Depends a bit on the rapidity of onset.
- Onset in seconds/minutes = vascular (arterial occlusion; venous infarction; AV fistula etc.) until proven otherwise
- Onset in days/weeks = inflammatory, neoplasm, infection
- Onset in months = degenerative, neoplasm
A good way to approach the spinal cord is to split your differential into extrinsic lesions (outside the cord) and intrinsic lesions (inside the cord). You can then apply a surgical sieve (although I might re-appropriate it as a neurological sieve, given how often I use one).
- V – ascular
- I – nfectious
- T – rauma
- A – utoimmune
- M – etabolic
- I – nflammatory
- N – eoplastic
- D – degenerative & drugs
- E – endocrine
- C – ongential
When in doubt, sieve it out!
In this case, the diagnosis was of an intrinsic, inflammatory cervical cord lesion. We call this “transverse myelitis” and, in some cases, it is a first presentation of MS. There are lots of other reasons for this too, but we’ll not bore you with them today.

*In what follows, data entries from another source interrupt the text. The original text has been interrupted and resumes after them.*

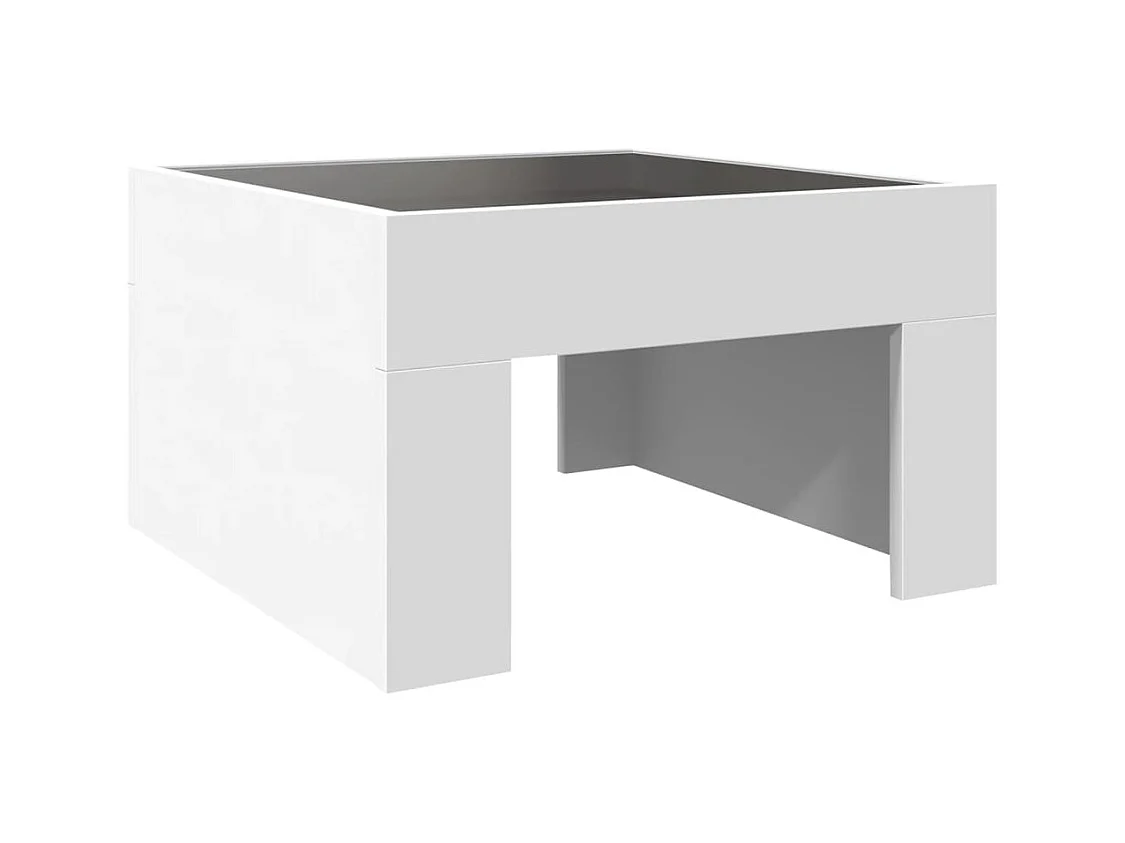 Table basse avec LED infini blanc 50x50x30 cm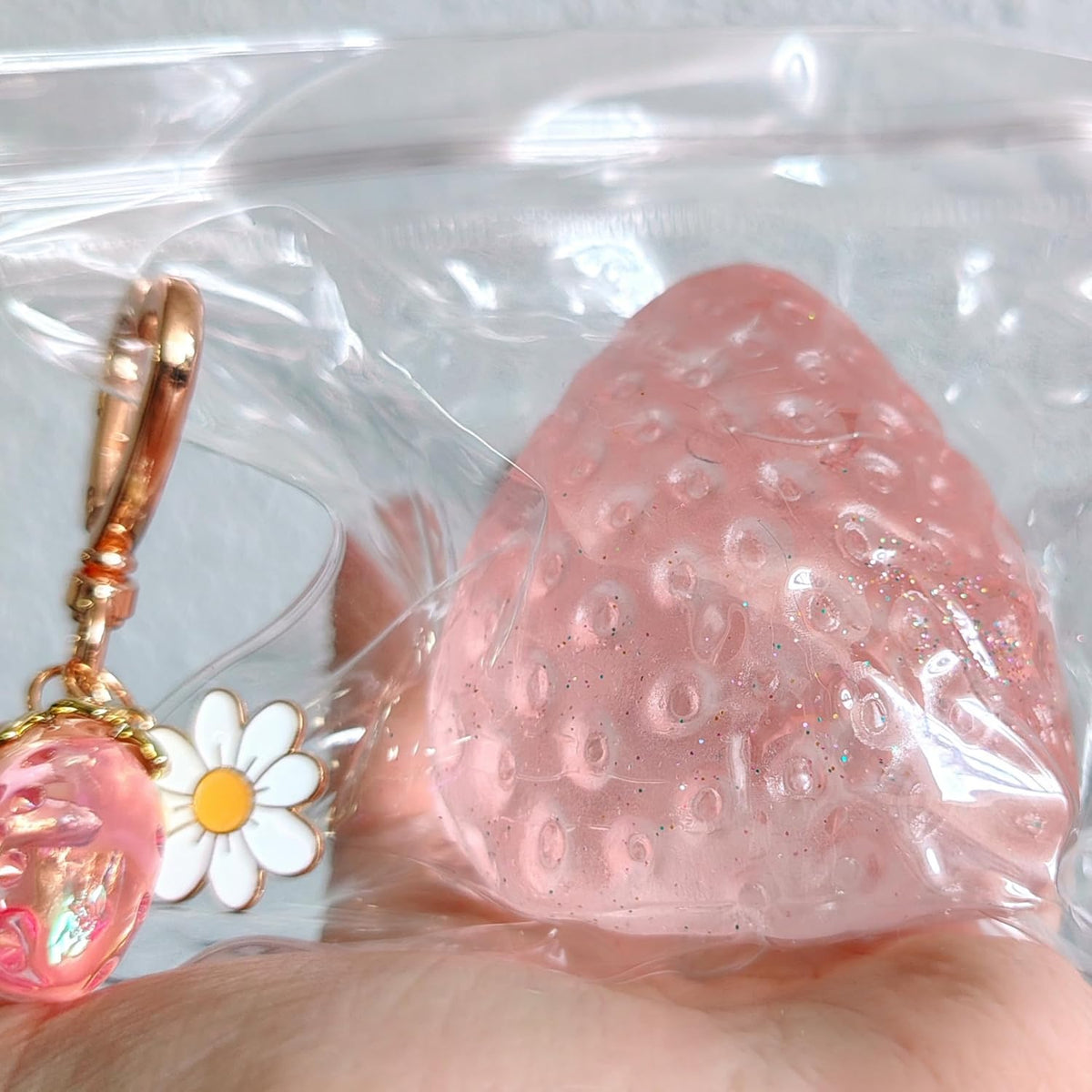 3PCS Strawberry Squishy Toy with Keychain, Soft Fruit Squeeze Stress Ball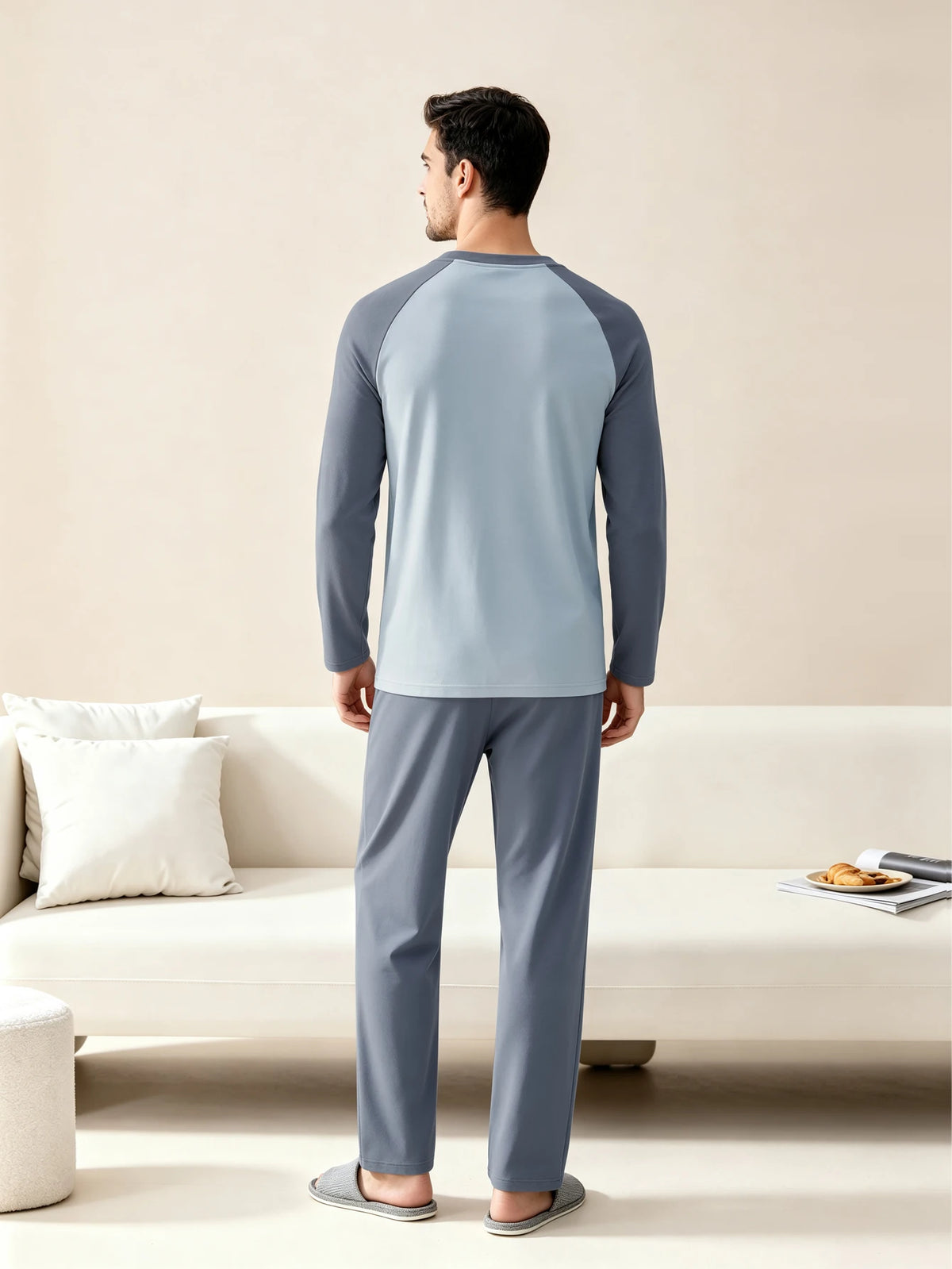 Herr Pyjamas 100% Bomull Långärmad – Fyra Säsonger Plus Size Tonår Hemmaset, L–3XL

If you had only one test you could do, what would it be?
I hope most of you went for a scan of the spinal cord. If not, visit this lecture.
Those of you who wanted a scan of the lumbar-sacral spine … close, but no cigar. This is too low to find the problem. If you went for the thoracic cord … one pat on the back. If you fancied a scan of the cervical and thoracic cord … many, many pats on the back. Well done!
The spinal cord is tricky and, if you had to take home only one message from this case, it would be this …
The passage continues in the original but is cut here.